Steven,
The update-in-place nature of RAID-5/6 striping is about the worst kind of poisonous workload for NAND-Flash
The RAID write-penalty is unacceptable on SSD because it turns every write operation into N+1 write operations, meaning (a) you'll wear out your Flash N+1 times faster, and (b) Flash write performance is awful when you turn off the DRAM write buffer, which MUST be done for any kind of parity-based RAID.
If you lose a cached write in the RAID-5 or RAID-6 scenario, you've corrupted your data -- and will probably never know it until you try to rebuild.
Furthermore, Flash writes are so slow compared to reads that the on-disk write-buffers fill up fast, and array performance goes down the tubes. FYI, this is why IBM/STEC used mirroring on thier recent SPC-1 benchmark result.

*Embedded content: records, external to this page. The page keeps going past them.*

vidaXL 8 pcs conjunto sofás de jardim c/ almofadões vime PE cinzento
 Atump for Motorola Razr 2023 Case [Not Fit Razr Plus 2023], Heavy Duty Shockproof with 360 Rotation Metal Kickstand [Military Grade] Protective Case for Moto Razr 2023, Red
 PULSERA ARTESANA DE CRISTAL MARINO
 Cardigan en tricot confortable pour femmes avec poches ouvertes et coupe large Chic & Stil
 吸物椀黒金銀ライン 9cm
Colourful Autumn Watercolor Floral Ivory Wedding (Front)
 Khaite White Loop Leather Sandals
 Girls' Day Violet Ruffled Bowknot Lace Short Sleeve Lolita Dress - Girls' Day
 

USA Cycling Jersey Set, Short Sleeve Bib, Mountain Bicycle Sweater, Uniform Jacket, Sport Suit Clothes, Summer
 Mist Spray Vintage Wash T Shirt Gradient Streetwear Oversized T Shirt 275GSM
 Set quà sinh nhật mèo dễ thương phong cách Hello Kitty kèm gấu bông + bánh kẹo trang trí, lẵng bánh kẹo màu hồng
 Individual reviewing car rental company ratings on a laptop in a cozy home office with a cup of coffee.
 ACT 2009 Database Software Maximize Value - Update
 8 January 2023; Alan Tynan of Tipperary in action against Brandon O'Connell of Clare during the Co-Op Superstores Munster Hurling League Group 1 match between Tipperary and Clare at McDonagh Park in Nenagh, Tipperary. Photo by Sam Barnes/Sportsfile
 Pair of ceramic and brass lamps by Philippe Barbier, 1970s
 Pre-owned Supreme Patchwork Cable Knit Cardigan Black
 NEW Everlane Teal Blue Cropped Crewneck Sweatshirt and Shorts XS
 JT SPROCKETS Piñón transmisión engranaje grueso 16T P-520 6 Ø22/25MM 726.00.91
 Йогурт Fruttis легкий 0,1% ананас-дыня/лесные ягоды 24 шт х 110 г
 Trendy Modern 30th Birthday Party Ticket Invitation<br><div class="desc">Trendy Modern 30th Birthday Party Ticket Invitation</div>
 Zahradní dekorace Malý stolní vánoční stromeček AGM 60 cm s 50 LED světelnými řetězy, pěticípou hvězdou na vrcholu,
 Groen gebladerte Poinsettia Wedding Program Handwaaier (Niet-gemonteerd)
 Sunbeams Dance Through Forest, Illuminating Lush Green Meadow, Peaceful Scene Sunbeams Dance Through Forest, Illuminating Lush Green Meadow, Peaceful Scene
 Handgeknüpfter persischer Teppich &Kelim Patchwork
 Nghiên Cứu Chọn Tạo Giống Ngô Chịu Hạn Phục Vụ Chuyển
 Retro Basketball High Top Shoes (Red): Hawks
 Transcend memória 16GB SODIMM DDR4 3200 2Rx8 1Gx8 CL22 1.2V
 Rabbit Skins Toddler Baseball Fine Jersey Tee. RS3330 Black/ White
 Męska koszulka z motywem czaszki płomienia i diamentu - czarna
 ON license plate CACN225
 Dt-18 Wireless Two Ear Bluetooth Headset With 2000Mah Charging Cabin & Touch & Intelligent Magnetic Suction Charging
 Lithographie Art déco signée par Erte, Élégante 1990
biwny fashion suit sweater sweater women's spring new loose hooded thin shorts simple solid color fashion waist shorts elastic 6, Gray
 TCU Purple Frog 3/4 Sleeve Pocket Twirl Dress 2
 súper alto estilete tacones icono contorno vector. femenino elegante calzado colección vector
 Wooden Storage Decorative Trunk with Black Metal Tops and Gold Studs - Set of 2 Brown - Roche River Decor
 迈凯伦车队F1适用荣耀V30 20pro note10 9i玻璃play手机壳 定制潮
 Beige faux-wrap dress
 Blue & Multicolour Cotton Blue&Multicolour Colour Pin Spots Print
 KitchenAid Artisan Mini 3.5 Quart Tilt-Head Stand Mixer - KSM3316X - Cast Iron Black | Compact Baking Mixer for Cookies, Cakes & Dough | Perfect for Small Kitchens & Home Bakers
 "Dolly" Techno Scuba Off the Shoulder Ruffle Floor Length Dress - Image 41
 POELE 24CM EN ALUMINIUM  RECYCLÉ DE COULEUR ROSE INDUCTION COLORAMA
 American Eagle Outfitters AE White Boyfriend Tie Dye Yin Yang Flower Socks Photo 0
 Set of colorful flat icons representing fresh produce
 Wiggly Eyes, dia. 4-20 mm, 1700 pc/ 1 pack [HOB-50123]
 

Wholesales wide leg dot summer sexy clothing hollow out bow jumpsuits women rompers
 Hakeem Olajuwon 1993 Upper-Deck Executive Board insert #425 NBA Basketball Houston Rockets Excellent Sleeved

If you want to test this yourself, build a 4+1 RAID set on Intel X25-E SLC Flash and let it run for a bit against IOmeter with a 50/50 Read/Write workload. Leave the write-cache enabled.
After a couple of minutes the SSDs are performing like cheap SATA disks.
Then, write a big zip-file out to the array and pull the plug on it just after the copy completes. Pull a disk, power up the array again and test the zip file...you will find garbage for data.